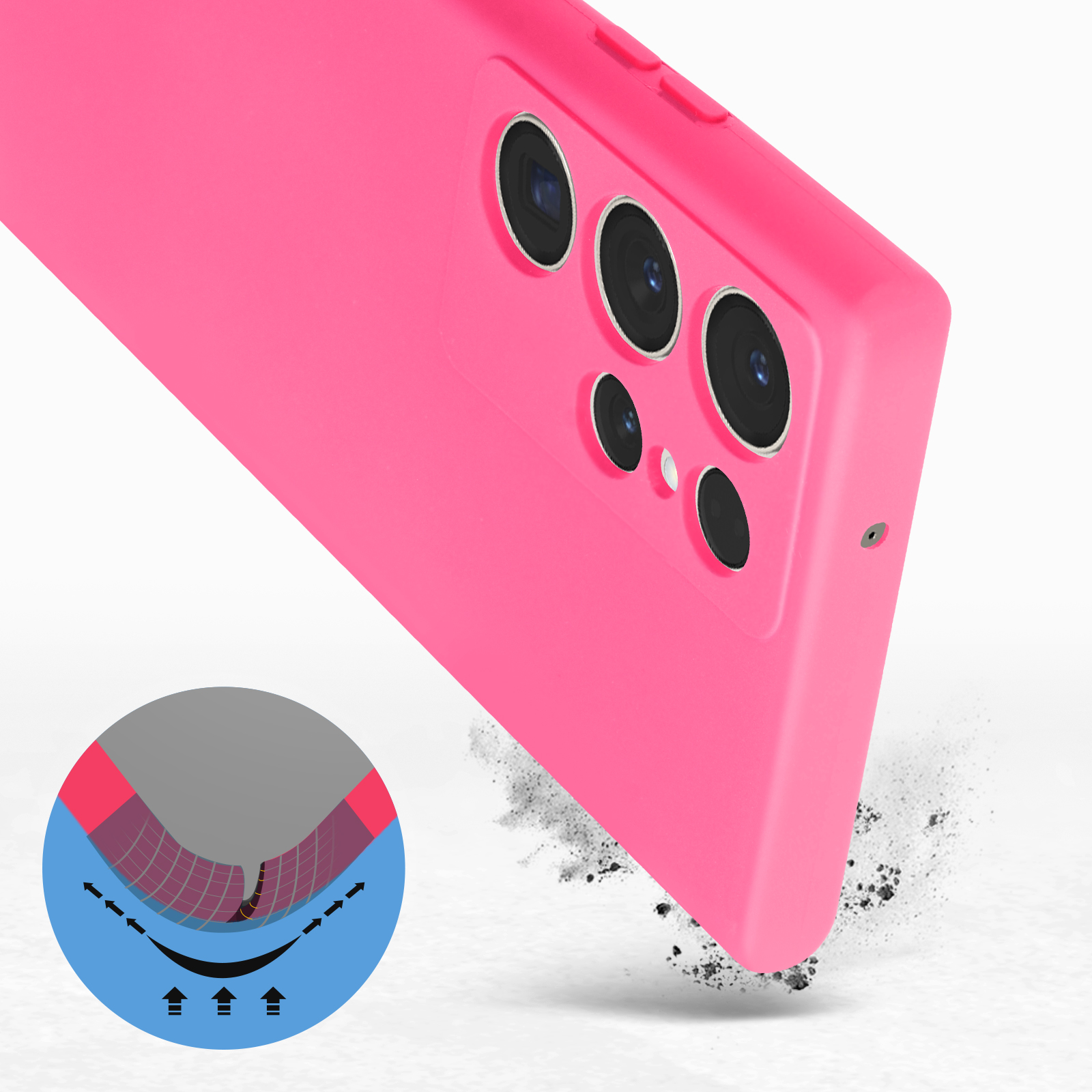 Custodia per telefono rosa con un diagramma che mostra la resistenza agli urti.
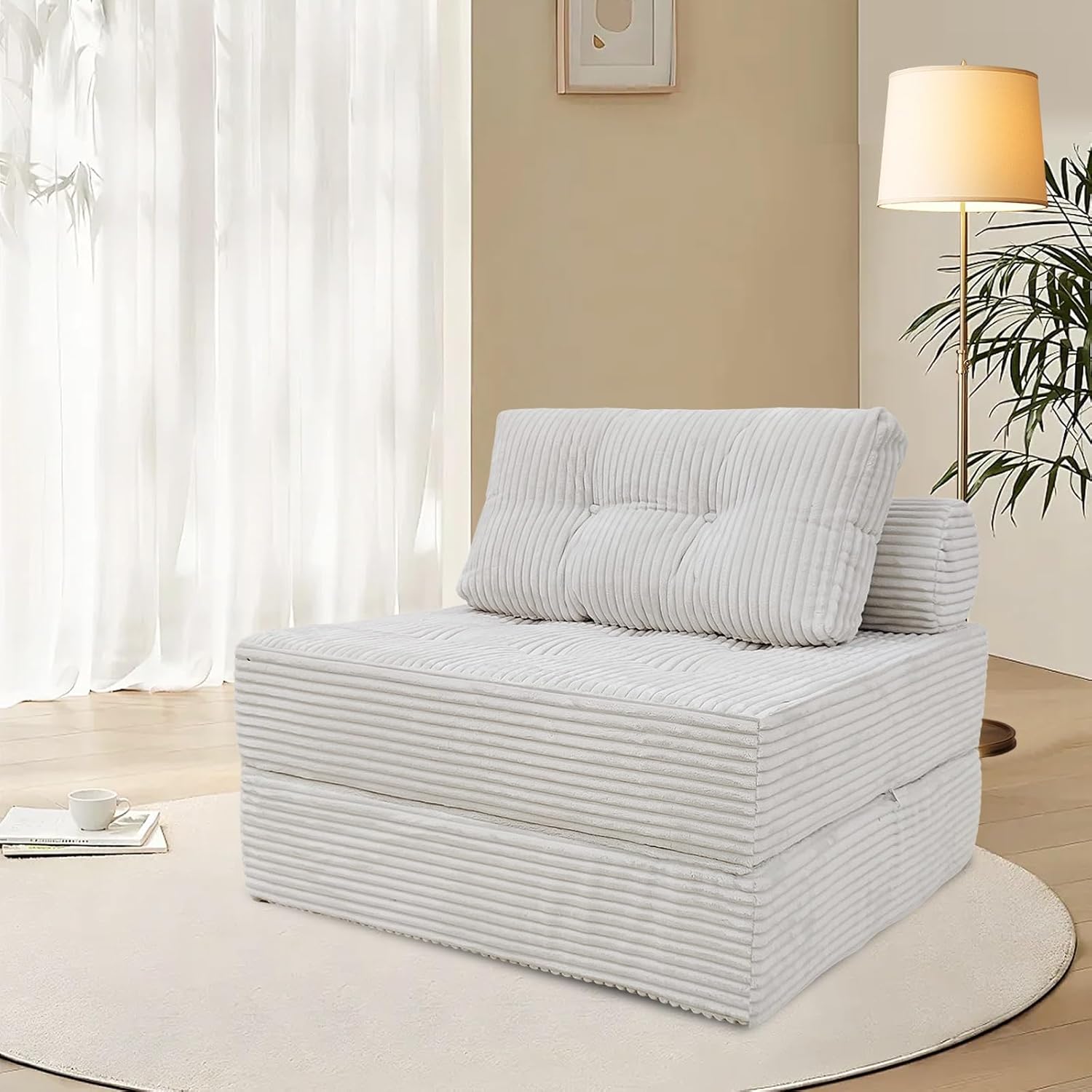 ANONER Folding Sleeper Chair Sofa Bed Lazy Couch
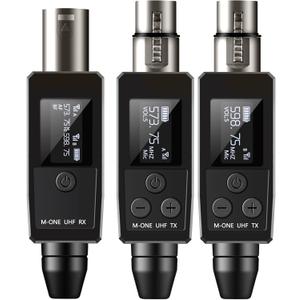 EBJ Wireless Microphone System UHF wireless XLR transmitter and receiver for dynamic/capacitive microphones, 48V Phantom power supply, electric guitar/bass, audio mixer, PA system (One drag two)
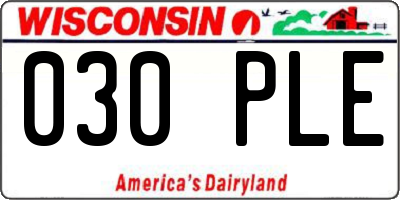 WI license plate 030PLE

_ _ _

**TASK ITEM**
What is needed is the listing above, repeated verbatim, without its images.

**ANSWER TO THIS PROBLEM**
 Custodia per telefono rosa con un diagramma che mostra la resistenza agli urti.
 ANONER Folding Sleeper Chair Sofa Bed Lazy Couch
 EBJ Wireless Microphone System UHF wireless XLR transmitter and receiver for dynamic/capacitive microphones, 48V Phantom power supply, electric guitar/bass, audio mixer, PA system (One drag two)
 WI license plate 030PLE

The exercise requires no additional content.